A copy of any document or part thereof incorporated by reference in this
Prospectus but not delivered herewith will be furnished without charge upon
written or oral request. Requests should be addressed to: DermaRX Corporation,
284 Jackson Street, Denver, Colorado 80206.
The Company is subject to the reporting requirements of the Exchange Act
and in accordance therewith files reports and other information with the
Commission. These reports as well as the proxy statements information statements
and other information filed by the Company under the Exchange Act may be
reviewed and copied at the public reference facilities maintained by the
Commission at 450 Fifth Street N.C. Washington, D.C. 20549. Copies may be
obtained at the prescribed rates. Copies may also be obtained from the
commission's website at www.sec.gov.
-----------
No person has been authorized to give any information or to make any
representation, other than those contained in this Prospectus, and if given or
made, such other information or representation must not be relied upon as having
been authorized by the Company. This Prospectus does not constitute an offer or
a solicitation by anyone in any state in which such is not authorized or in
which the person making such is not qualified or to any one to whom it is
unlawful to make an offer or solicitation.
Neither the delivery of this Prospectus nor any sale made hereunder shall
under any circumstances create any implication that there has not been a change
in the affairs of the Company since the date hereof.
<PAGE>
TABLE OF CONTENTS
Page
----
PART I 4
INFORMATION REQUIRED IN THE SECTION 10(a) PROSPECTUS 4
ITEM 1. PLAN INFORMATION 4
GENERAL INFORMATION 4
The Company 4
Purpose 4
Common Stock 4
The Consultant 4
No Restrictions on Transfer 4
Restrictions on Resale 4
DOCUMENTS INCORPORATED BY REFERENCE & ADDITIONAL INFORMATION 4
ITEM 2. REGISTRANT INFORMATION AND EMPLOYEE PLAN ANNUAL
INFORMATION 5
Legal Opinion and Experts 5
Indemnification of Officers and Directors 5
PART II 6
INFORMATION REQUIRED IN THE REGISTRATION STATEMENT 6
ITEM 3. INCORPORATION OF DOCUMENTS BY REFERENCE 6
ITEM 4. DESCRIPTION OF SECURITIES 6
ITEM 5. INTERESTS OF NAMED EXPERTS AND COUNSEL 6
ITEM 6. INDEMNIFICATION OF DIRECTORS AND OFFICERS 6
ITEM 7. EXEMPTION FROM REGISTRATION CLAIMED 7
ITEM 8. EXHIBITS 7
ITEM 9. UNDERTAKINGS 7
SIGNATURES 8
EXHIBIT INDEX 9
<PAGE>
PART I
INFORMATION REQUIRED IN THE SECTION 10(A) PROSPECTUS
Item 1. Plan information
GENERAL INFORMATION
The Company
The Company has its principal offices at 284 Jackson Street, Denver,
Colorado 80206, (303) 333-4600. The Plans registered hereunder are the
Consulting Agreement and the Employee Salary Reimbursement Plan.
Purposes
The Common Stock will be issued by the Company pursuant to an agreement
entered into between the Consultant and the Company and approved by the Board of
Directors of the Company (the "Board of Directors").

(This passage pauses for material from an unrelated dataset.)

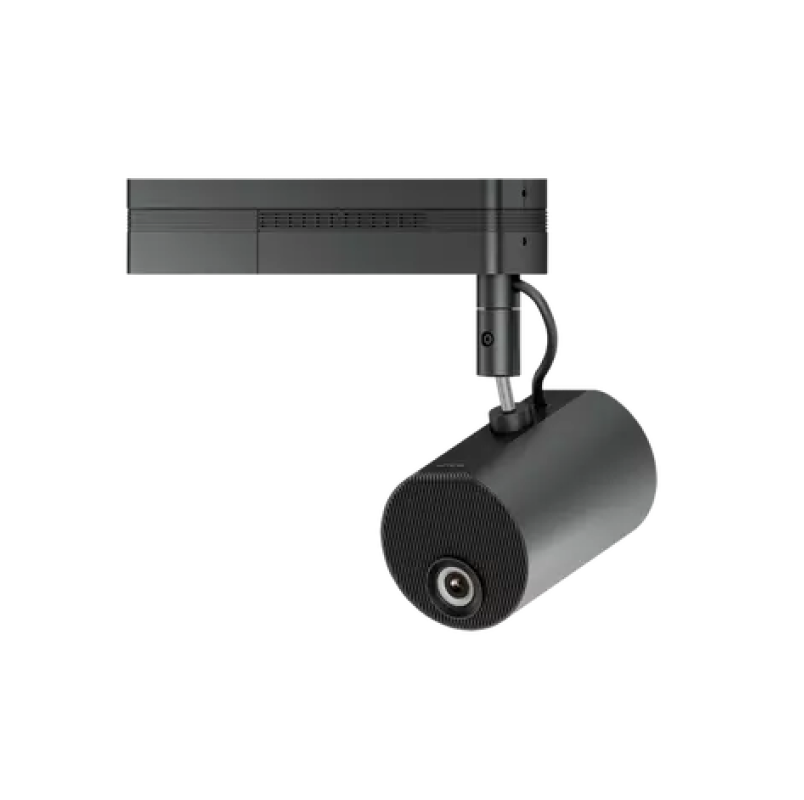 Epson LightScene EV 115 3LCD Laser Projector - High Brightness Accent Lighting for Home Theater, Art Displays & Commercial Installations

The agreement is in
connection with services by the Consultant in connection with corporate and
securities legal work on behalf of the Company. A copy of the agreement has
been filed as an exhibit to this registration statement.

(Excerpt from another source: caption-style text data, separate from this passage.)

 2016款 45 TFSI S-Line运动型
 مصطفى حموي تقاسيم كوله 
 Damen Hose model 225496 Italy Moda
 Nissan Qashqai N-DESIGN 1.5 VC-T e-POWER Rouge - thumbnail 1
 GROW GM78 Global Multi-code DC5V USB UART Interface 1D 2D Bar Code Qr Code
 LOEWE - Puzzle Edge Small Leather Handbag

TheCommon Stock will also be issued by the Company to certain officers of
the Company in connection with past due salary obligations and an agreement by
the Company to reimburse such past due salary obligations with shares of its
Common Stock.
Neither of the Plans is subject to any of the provisions of ERISA.
Common Stock
The Board has authorized the issuance of up to 250,000 shares of the Common
Stock to the Consultant upon effectiveness of this registration statement.
The Board has also authorized the issuance of up to 96,100 shares of the
Common Stock to the Officers upon effectiveness of this registration statement.
The Consultant and the Officers
The Consultant has agreed to provide its expertise and advice to the
Company on a non-exclusive basis in connection with corporate and securities
legal work on behalf of the Company.
The Officers provided general business services to the Company in their
administrative and officer roles on behalf of the Company.
No Restrictions on Transfer
The Consultant and the Officers will become the record and beneficial owner
of the shares of Common Stock upon issuance and delivery and are entitled to
all of the rights of ownership, including the right to vote any shares
awarded and to receive ordinary cash dividends on the Common Stock.
Tax Consequences
The Consultant and the Officers may be subject to federal income tax
consequences on the receipt of the shares of Common Stock under the Consulting
Agreement and the Salary Reimbursement Plan. Neither of the Plans is qualified
under Section 401(a) of the Internal Revenue Code.
Restrictions on Resales
In the event that an affiliate of the Company acquires shares of Common
Stock hereunder, the affiliate will be subject to Section 16(b) of the Exchange
Act. Further, in the event that any affiliate acquiring shares hereunder has
sold or sells any shares of Common Stock in the six months preceding or
following the receipt of shares hereunder, any so called "profit", as computed
under Section 16(b) of the Exchange Act, would be required to be disgorged from
the recipient to the Company. Services rendered have been recognized as valid
consideration for the "purchase" of shares in connection with the "profit"
computation under Section 16(b) of the Exchange Act. The Company has agreed that
for the purpose of any "profit" computation under 16(b) the price paid for the
common stock issued to affiliates is equal to the value of services rendered.
Shares of common Stock acquired hereunder by persons other than affiliates are
not subject to Section 16(b) of the Exchange Act.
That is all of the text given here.